▶ Work request: Set down each record that follows exactly. Drop the images.

▶ Working data:

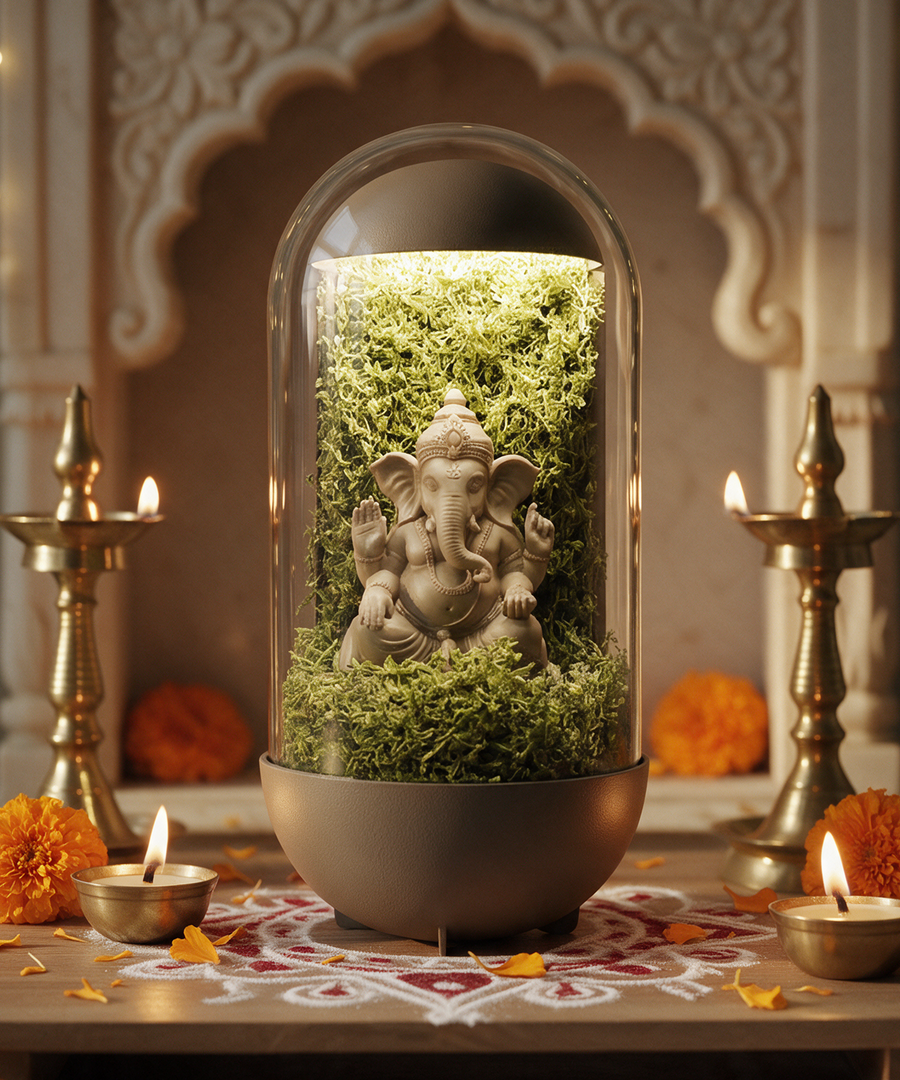 Gleam Hamper - Ganesh Dome Brown With Light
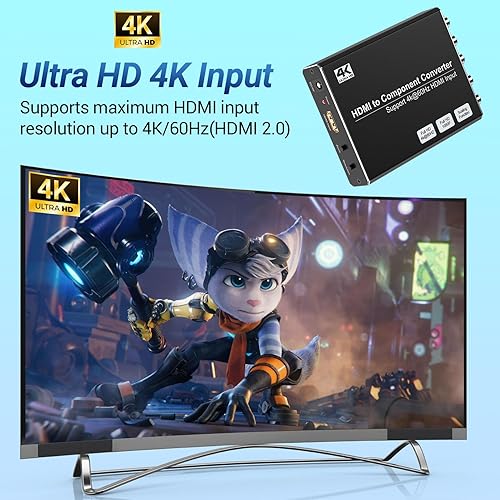 Miniatura 3 de Convertidor HDMI a componentes 4K con función de escalado, convertidor HDMI a YPbPr compatible con entrada de 4K60Hz, compatible con salida de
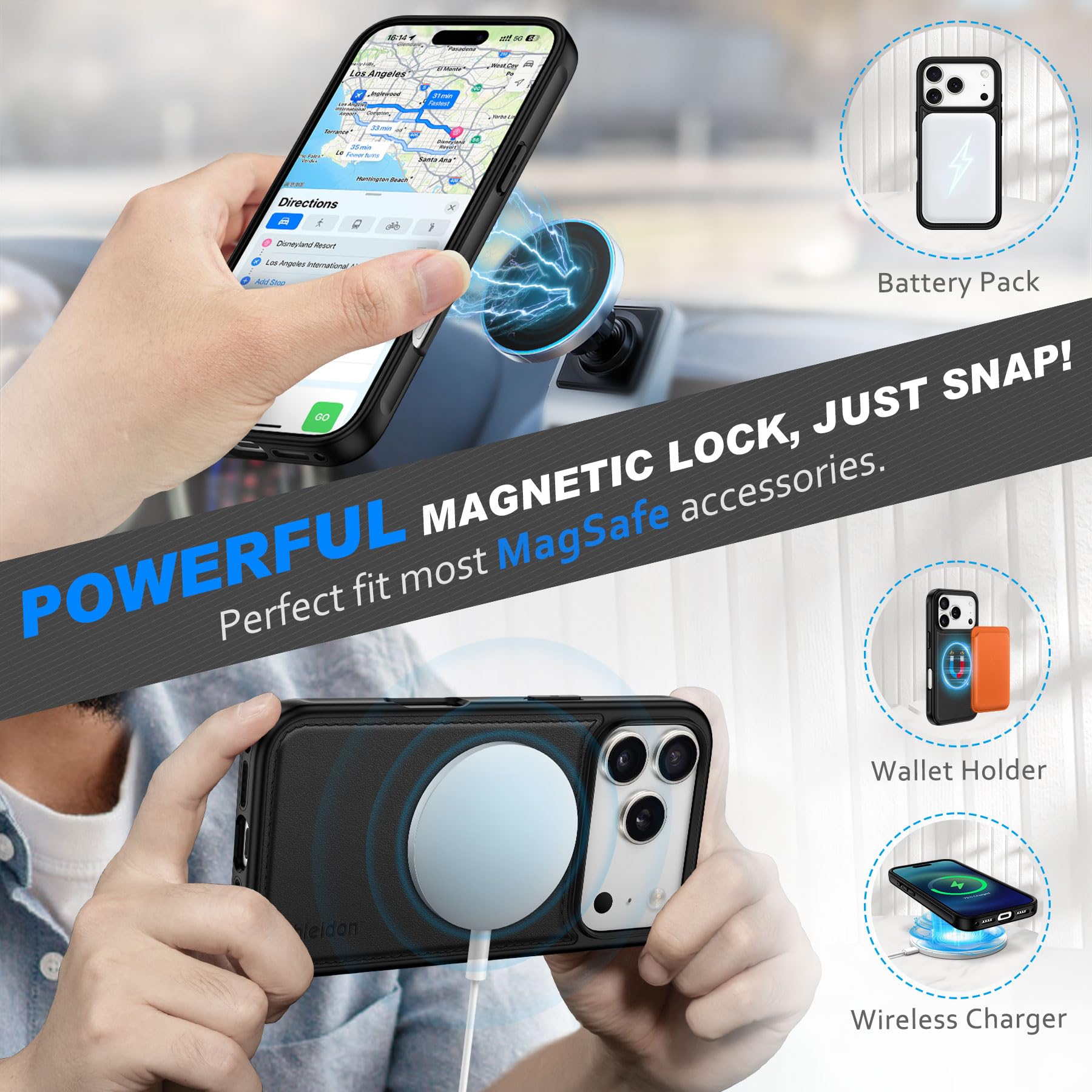 SHIELDON Hülle für iPhone 17 Pro 6,3" 2025, Echtleder Handyhülle [Abnehmbar] [Kabelloses Laden] [3 Kartenfach] [Ständer] [RFID Blocker] [Handy-Ösen] 2 IN 1 Magnet Klapphülle - Schwarz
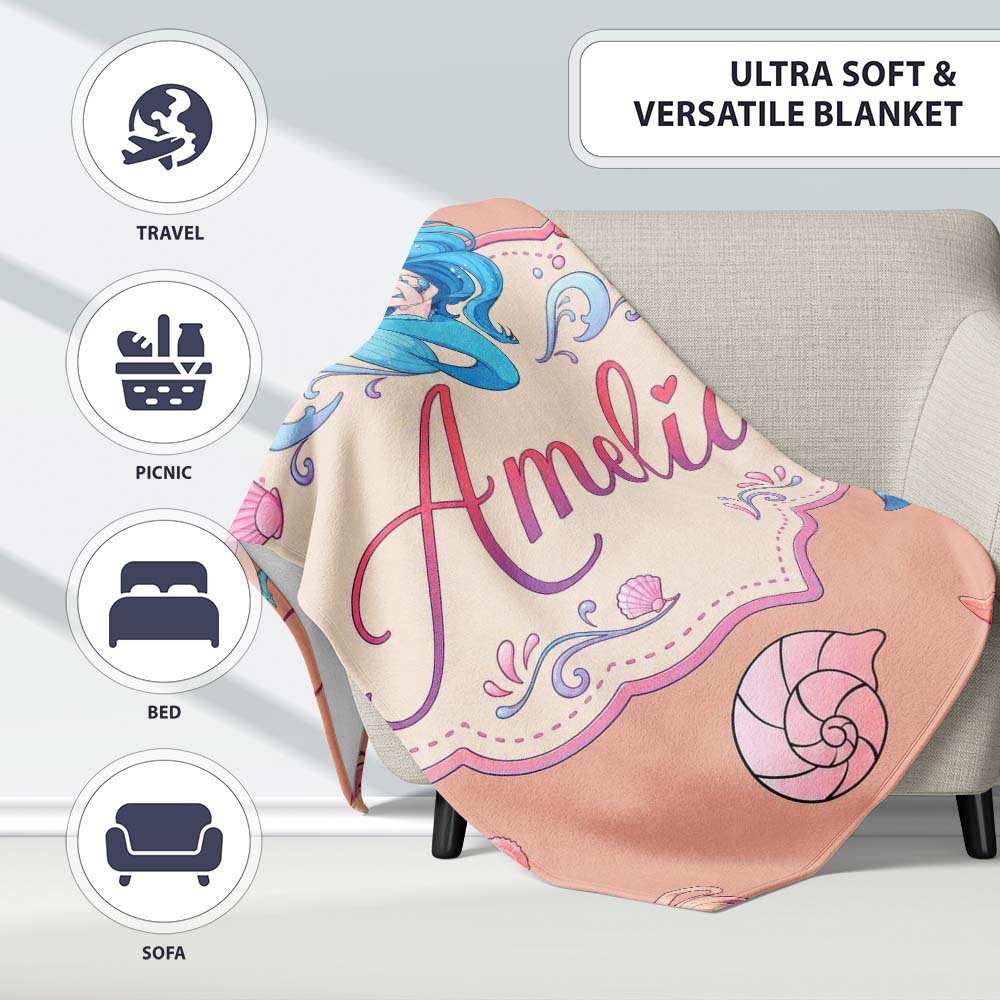 Cute Kawaii Mermaid Ocean Friends Jellyfish Starfish Peach Lovely  Personalised Custom Name Super Soft Fleece Blanket Bed Sofa Throw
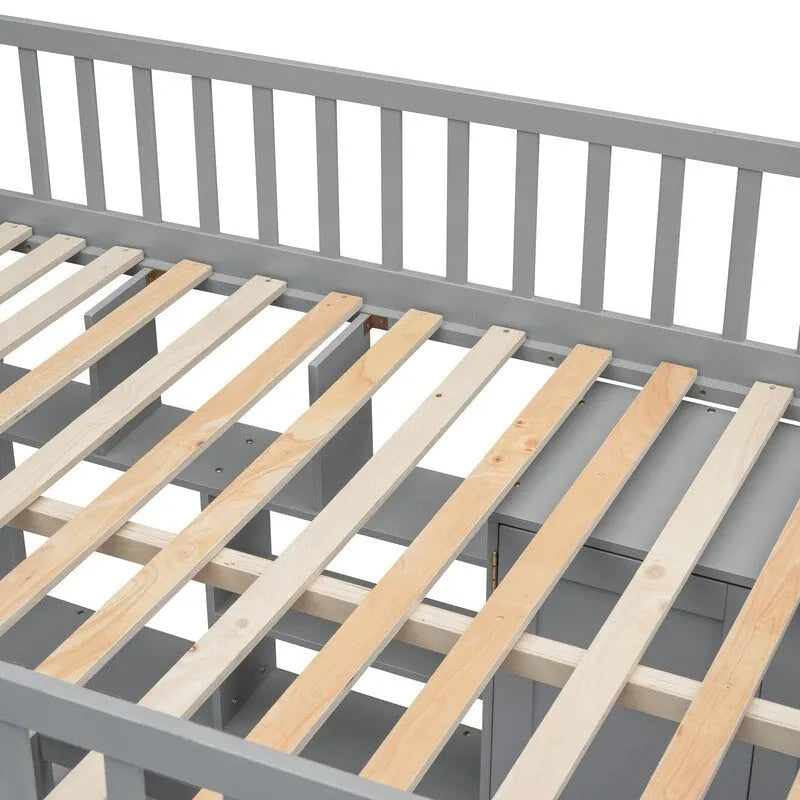 Letto a soppalco matrimoniale in legno con libreria, cassetti, scrivania e armadio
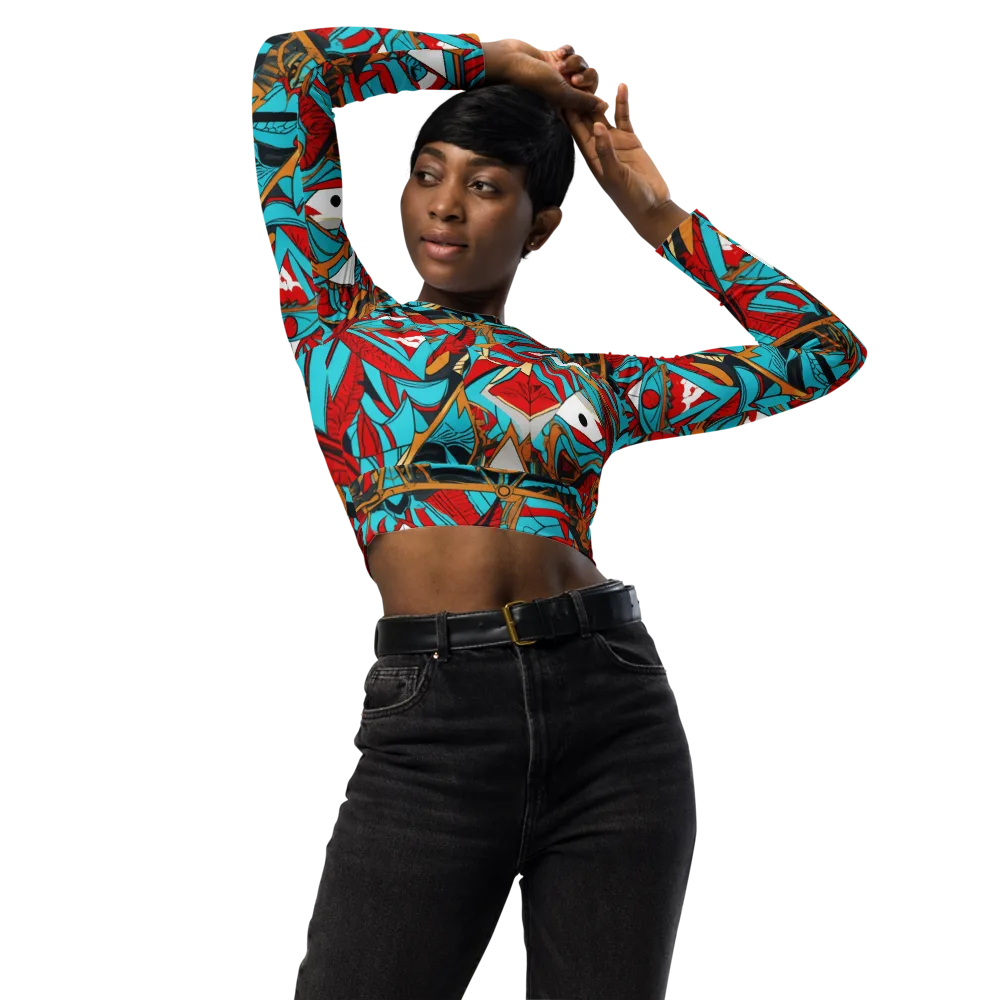 Cerulean Eye on Long Sleeve Crop Top — Front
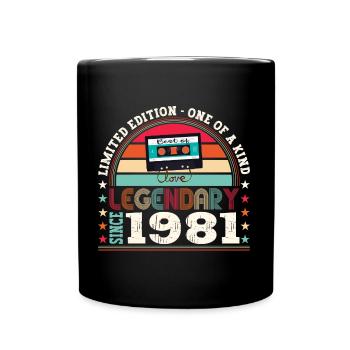 Legendary 1981 41st Birthday Gift Men - Fun - Full Colour Mug - black - Front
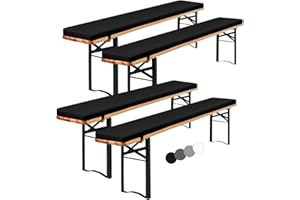 ‎SHOWGEOUS Showgeous 4er-Pack Bierbankauflage Gepolstert für Bierzeltgarnitur Bankauflage 220x25x2cm XL Waschbare Bierbankauflagen Gepolstert Auflage für Biertisch & Partyzeltgarnitur(Schwarz,Wasserabweisend)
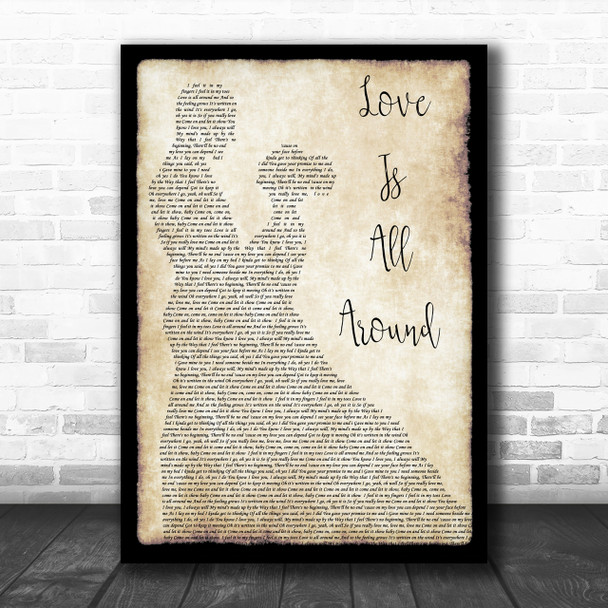 Wet Wet Wet Love Is All Around Man Lady Dancing Song Lyric Music Wall Art Print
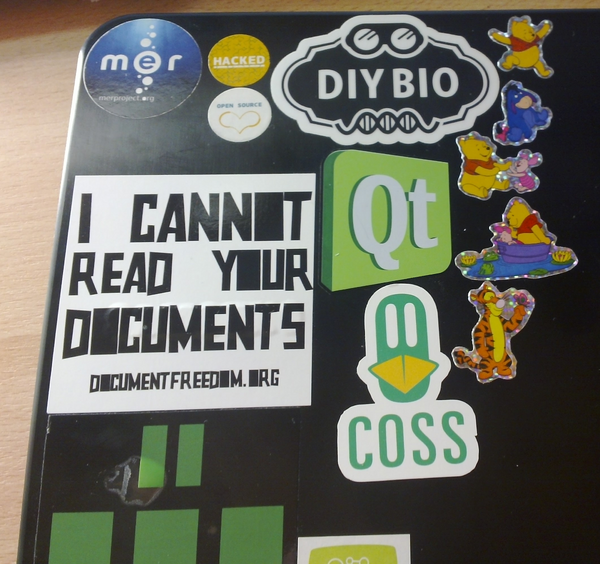 Express resentment against "Winnie-the-Pooh" cases  (theregister.co.uk/2012/11/23/fin…) by attaching sticker to laptop cover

▶ Answer to this problem:
 Gleam Hamper - Ganesh Dome Brown With Light
 Miniatura 3 de Convertidor HDMI a componentes 4K con función de escalado, convertidor HDMI a YPbPr compatible con entrada de 4K60Hz, compatible con salida de
 SHIELDON Hülle für iPhone 17 Pro 6,3" 2025, Echtleder Handyhülle [Abnehmbar] [Kabelloses Laden] [3 Kartenfach] [Ständer] [RFID Blocker] [Handy-Ösen] 2 IN 1 Magnet Klapphülle - Schwarz
 Cute Kawaii Mermaid Ocean Friends Jellyfish Starfish Peach Lovely  Personalised Custom Name Super Soft Fleece Blanket Bed Sofa Throw
 Letto a soppalco matrimoniale in legno con libreria, cassetti, scrivania e armadio
 Cerulean Eye on Long Sleeve Crop Top — Front
 Legendary 1981 41st Birthday Gift Men - Fun - Full Colour Mug - black - Front
 ‎SHOWGEOUS Showgeous 4er-Pack Bierbankauflage Gepolstert für Bierzeltgarnitur Bankauflage 220x25x2cm XL Waschbare Bierbankauflagen Gepolstert Auflage für Biertisch & Partyzeltgarnitur(Schwarz,Wasserabweisend)
 Wet Wet Wet Love Is All Around Man Lady Dancing Song Lyric Music Wall Art Print
 Express resentment against "Winnie-the-Pooh" cases  (theregister.co.uk/2012/11/23/fin…) by attaching sticker to laptop cover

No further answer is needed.